Just how tight is the job market? Hollister Staffing is so busy finding workers for employers that the agency is looking to beef up its own staff — and is networking practically around the clock. But so far, Hollister has only managed to hire a handful of the 13-15 recruiters and sales people it needs to add to its 50-person roster this year. This despite the fact that the company has recently added benefits such as mindfulness training and guided meditation led by the CEO, and offers the chance to earn “an unlimited amount of money,” according to Mark Hollister, the company’s executive director of engagement.

“A lot of people have done OK in the last few years and they’re in a good position,” Hollister said. “It is proving to take a lot more than a salary bump to get somebody to move.”

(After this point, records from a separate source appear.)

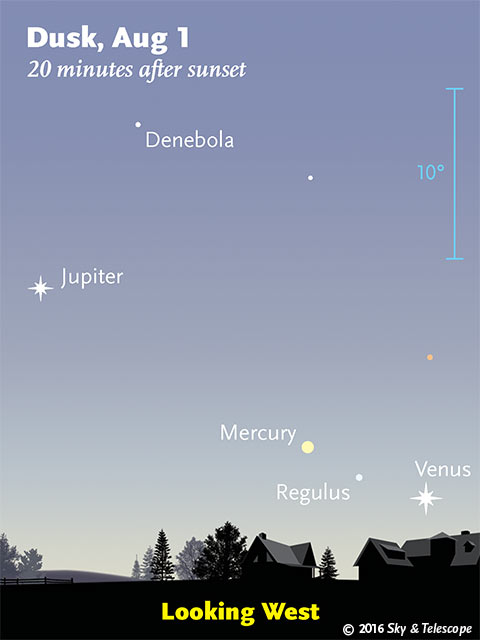 Jupiter, Mercury, Regulus, and Venus after sunset, Aug. 1, 2016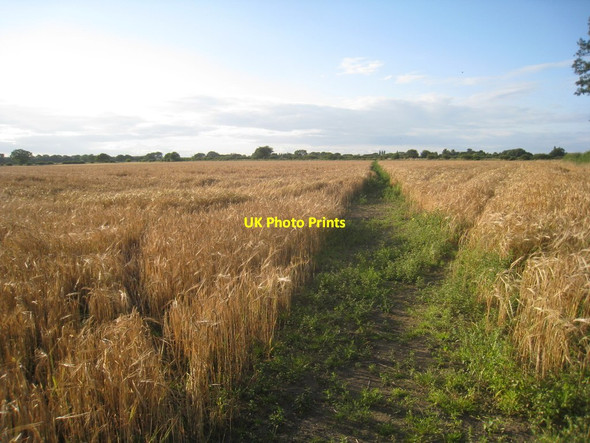 Photo 6"x4" Footpath to Spalford Spalford c2012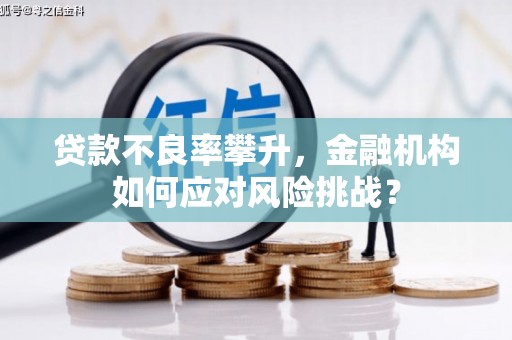 即墨贷款不良率攀升，金融机构如何应对风险挑战？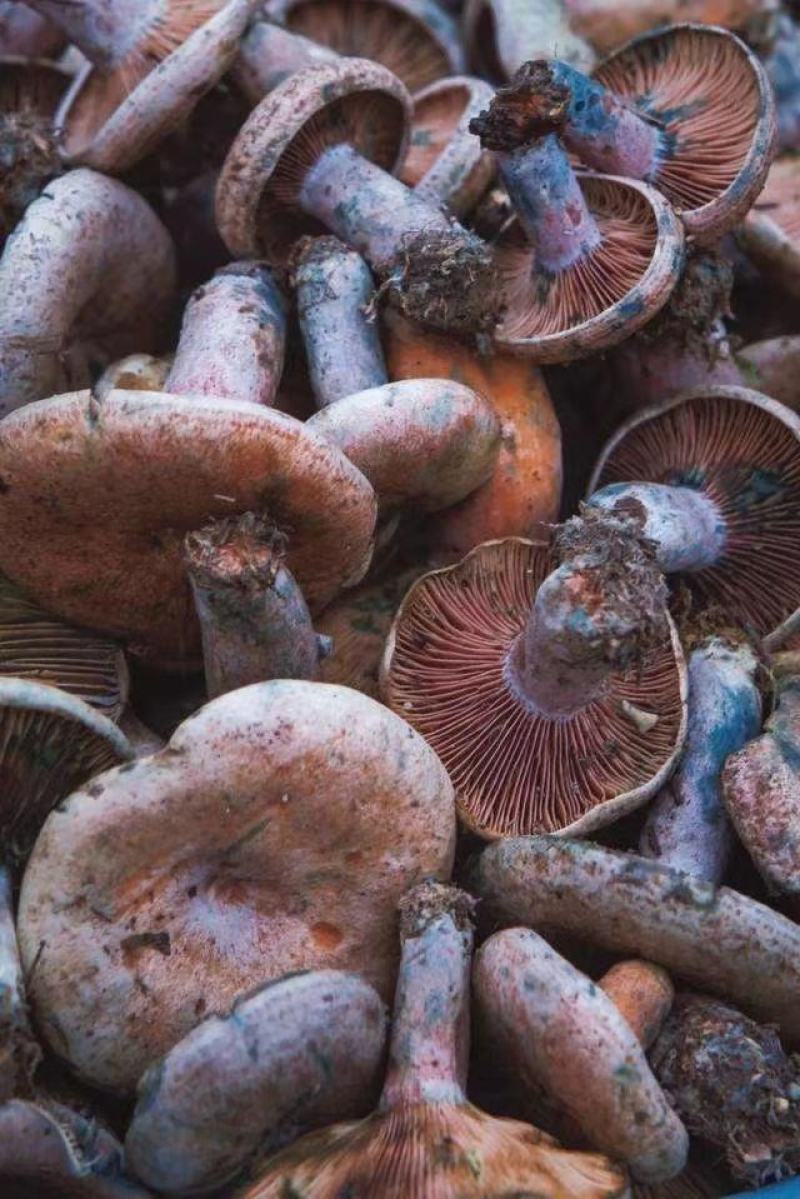 广西桂林全州县松乳菇 30.00元/斤乌枞菌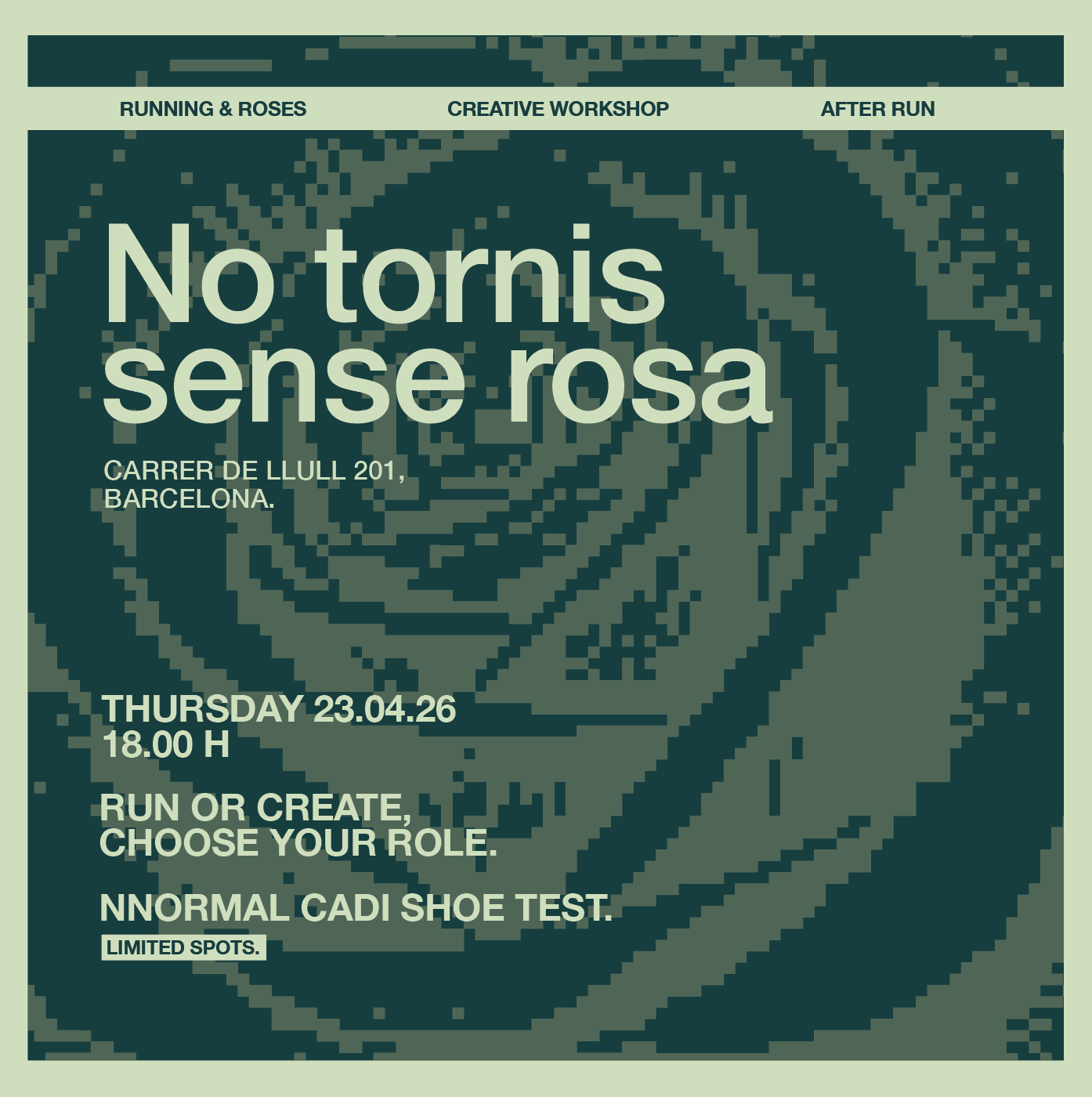 Sant Jordi - Test shoes NNormal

The number of job openings across the country hit a 16-year high in April, at 6 million, according to the Bureau of Labor Statisticis, and “Now Hiring” signs are popping up all over. But with the national unemployment rate at a 16-year low of 4.3 percent, and fewer people switching jobs, hiring has fallen, suggesting that employers haven’t been able to find enough qualified workers to fill their needs.

In Massachusetts, where the unemployment rate is lower than the nation’s and businesses are expanding left and right, the worker shortage is particularly acute — ranging from low-wage home health aides to mid-salary engineers to highly paid surgeons.

“The evidence is definitely becoming quite clear: We’re darn near if not past full employment in Massachusetts,” said Michael Goodman, executive director of the Public Policy Center at the University of Massachusetts Dartmouth. “We’re running out of employable people.”

At Lids at the South Shore Plaza, manager Nelson Curet recently held an open interview session – part of a nationwide effort by the athletic gear retailer — in the hopes of attracting a full-time and part-time manager, as well as “part-timers, as many as we can get.” One of the big problems with attracting workers are the variable hours, Curet said, which are determined by a software program that creates schedules based on sales from the previous year. Curet is up-front about how widely the hours can vary, telling applicants: “You can have five hours one week and you can have 20 hours the next week. Are you comfortable with that?”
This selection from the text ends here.